Mastro de São Benedito em Martim de Sá (Arquivo Caraguá) |
O ano era 2008. Certa vez, estando folgado na praça defronte da igreja matriz de Caraguatatuba, avistei um senhor sozinho sentado tranquilo num banco. De vez em quando alguém passava apenas cumprimentando-o, mas tinha também, vez ou outra, alguém que parava para "um dedo de prosa". Cobicei isto. Me aproximei porque eu também gosto de conversar, sobretudo quando a pessoa é idosa e parece ser gente do lugar. Manoel Herondino era o nome dele. Soube que, num tempo bem antigo, seu avô veio com a família da Caçandoca e se estabeleceu na praia Martim de Sá, onde nasceram as gerações posteriores. A pesca e a roça eram os meios de vida até recentemente. Pensei: "Quer ver que ele ainda é parente meu?!". Batata! Era gente da tia Astrogilda, por parte do pai dela. A mãe era do morro da Raposa. "O tio Anastácio morava perto de nós", dizia o meu pai. Daí a prosa foi longe. Ele conhecera o vovô Estevan, o tio Ezidio e essa parentada toda da Caçandoca. Que legal!

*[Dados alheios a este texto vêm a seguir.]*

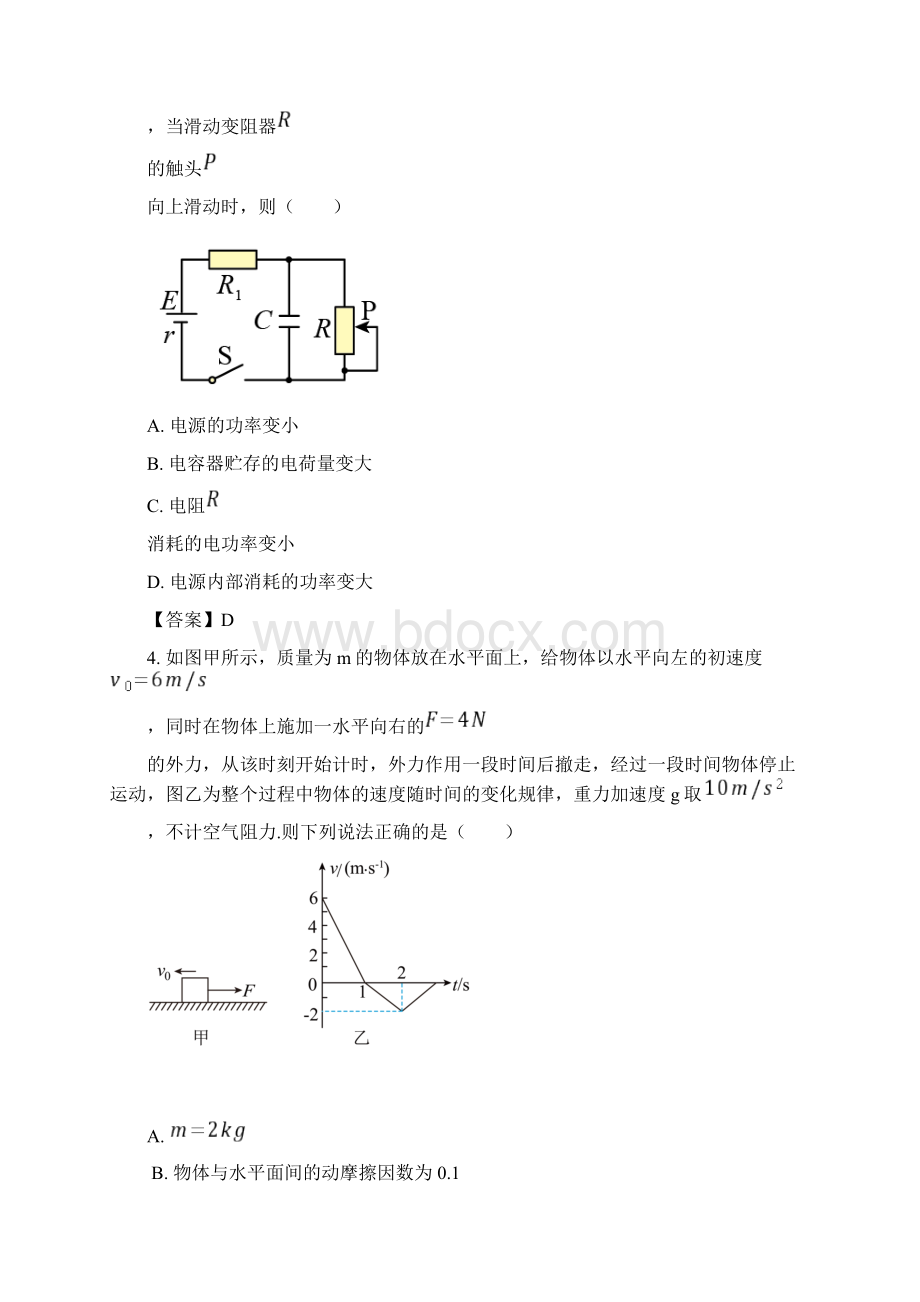 届河北等新高考八省市高三上八省联考物理试题 附答案.docx_第3页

Tendo apreciado recentemente uma fotografia antiga da praia em que ele continuava morando, perguntei sobre um mastro que vi , perto de um rancho, no jundu. Então ele se animou mais ainda na prosa:
"Tinha sim. Era um mastro de São Benedito. Todo ano era renovado, vinha do mato um pau novo para entrar no lugar do outro. Era uma festa muito concorrida; vinha gente de todo lado. Muitos dos parentes da Caçandoca compareciam, eram animados nas cantorias e nos tambores. Vovô dizia que São Benedito era querido por ser como nós, gente preta, e por ter salvado muita gente numa ocasião do tempo antigo, quando traziam escravos do outro lado do mar, da África. Foi assim: um navio por nome de São Benedito vinha carregado de cativos. Quando faltava pouco para chegar na Bahia, a embarcação naufragou. Foi um desespero só. O imenso mastro quebrou e ficou flutuando. E todo mundo que estava consciente se agarrou nele. Assim se salvou quase todo mundo. Em agradecimento pela graça, todo ano acontecia em muitos lugares a festa de São Bendito, onde um mastro seguia em procissão, com rezas e cantorias. Era uma coisa que unia a comunidade, sobretudo os negros que reavivavam a memória desse feito do santo. A música principal tinha uma parte que se repetia depois de cada verso. O povo seguia dançando e carregando aquele imenso pau devidamente pintado pelo festeiro escolhido a cada ano. E ia repetindo alegremente: 'Olha o mastro de São Benedito/ Ele é grande, santo e bonito'. Por fim, entre foguetórios, ele era enterrado no jundu. A festa continuava com danças, comidas e bebidas. Varava a noite. De longe, quando a gente vinha da pesca, o mastro servia de referência, aonde queria chegar. Coisa sagrada, rapaz".